The informing Intelligences, which animate these various Centres of Being, are referred to indiscriminately by men beyond the Great Range[58]as the Manus, the Rishis, the Pitris,[59] the Prajâpati, and so on; and as Dhyâni-Buddhas, the Chohans, Melhas [Fire-Gods], Bodhisattvas,[60] and others, on this side. The truly ignorant call them Gods; the learned profane, the One God; and the wise, the Initiates, honour in them only the manvantaric manifestations of That which neither our Creators [the Dhyân Chohans] nor their creatures can ever discuss or know anything about. The Absolute is not to be defined, and no mortal or immortal has ever seen or comprehended it during the periods of Existence. The mutable cannot know the Immutable, nor can that which lives perceive Absolute Life.

“Therefore, man cannot know higher Beings than his own Progenitors.” [pg 038] “Nor shall he worship them,” but he ought to learn how he came into the world.

Number Seven, the fundamental figure among all other figures in every national religious system, from Cosmogony down to man, must have its raison d'être. It is found among the ancient Americans, as prominently as among the archaic Âryans and Egyptians. The question will be fully dealt with in the second Part of this Volume; meanwhile a few facts may be given here. Says the author of the Sacred Mysteries among the Mayas and the Quiches, 11,500 years ago:[61]

Seven seems to have been the sacred number par excellence among all civilized nations of antiquity. Why? This query has never been satisfactorily answered. Each separate people has given a different explanation, according to the peculiar tenets of their [exoteric] religion. That it was the number of numbers for those initiated to the sacred mysteries there can be no doubt. Pythagoras ... calls it the “Vehicle of life,” containing body and soul, since it is formed of a quaternary, that is: Wisdom and Intellect; and a Trinity, or action and matter.
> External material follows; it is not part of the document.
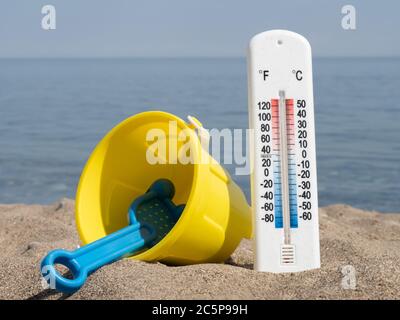 A Thermometer In The Hot Sand On The Beach Showing About About 90 Degrees Fahrenheit 33 Celsius With A Child S Sand Toy Pail Stock Photo Alamy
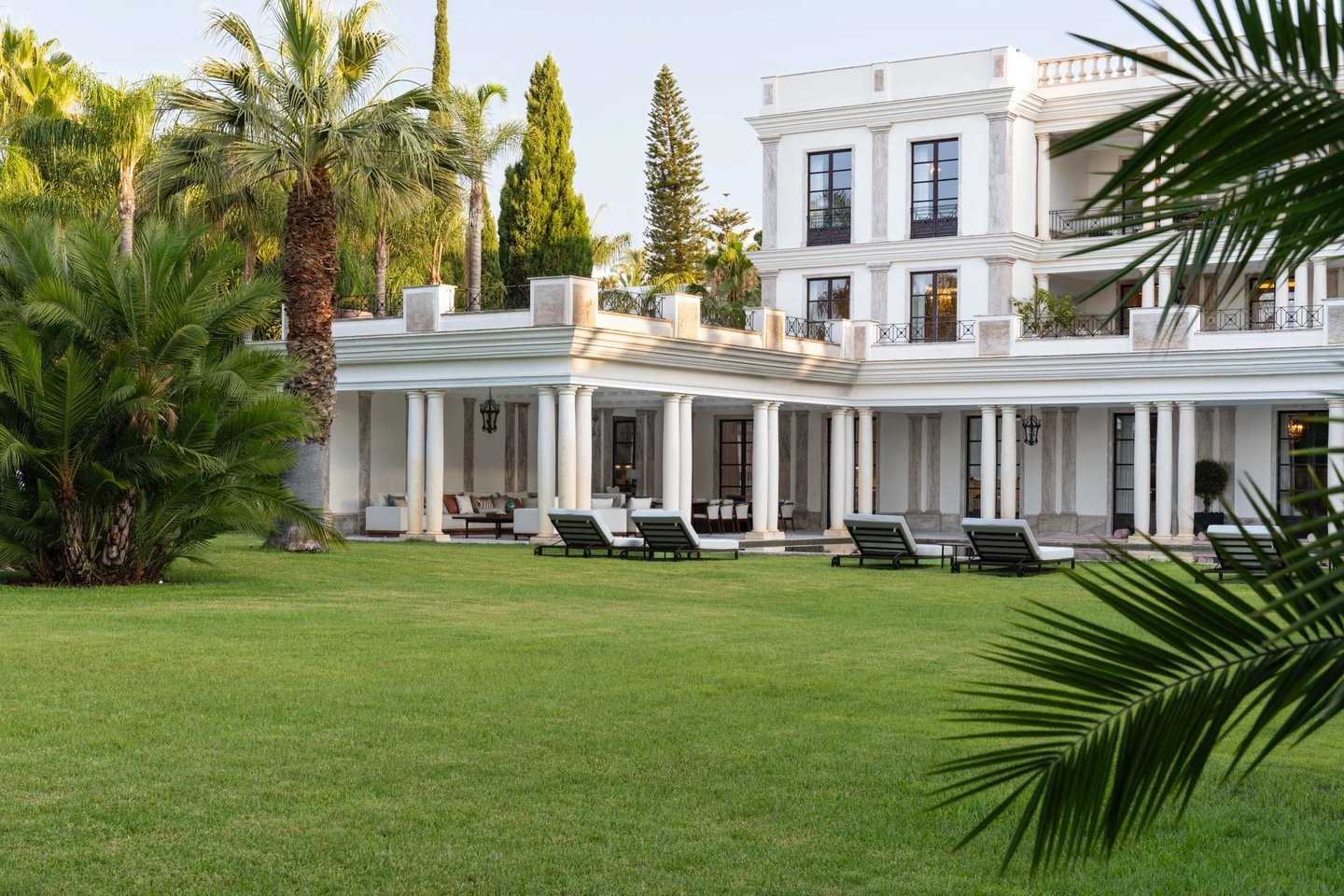 Villa exterior surrounded by lush gardens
The Emperor Julian, in Matrem and in Oratio,[62] expresses himself thus: “Were I to touch upon the initiation into our secret mysteries, which the Chaldees bacchized respecting the seven-rayed god, lighting up the soul through him, I should say things unknown to the rabble, very unknown, but well known to the blessed Theurgists.”[63]

And who that is acquainted with the Purânas, the Book of the Dead, the Zendavesta, the Assyrian Tiles, and finally the Bible, and has observed the constant occurrence of the number seven in these records of people from the remotest times upwards unconnected and so far apart, can regard as a coincidence the following fact, given by the same explorer of ancient Mysteries? Speaking of the prevalence of seven as a mystic number, among the inhabitants of the “Western Continent” of America, he adds that it is not less remarkable. For:

It frequently occurs in the Popul-Vuh. We find it besides in the seven familiessaid by Sahagun and Clavigero to have accompanied the mystical personage named Votan, the reputed founder of the great city of Nachan, identified by some with Palenque. In the seven caves[64] from which the ancestors of the Nahualts are reported [pg 039]to have emerged. In the seven cities of Cibola, described by Coronado and Niza.... In the seven Antilles; in the seven heroes who, we are told, escaped the Deluge.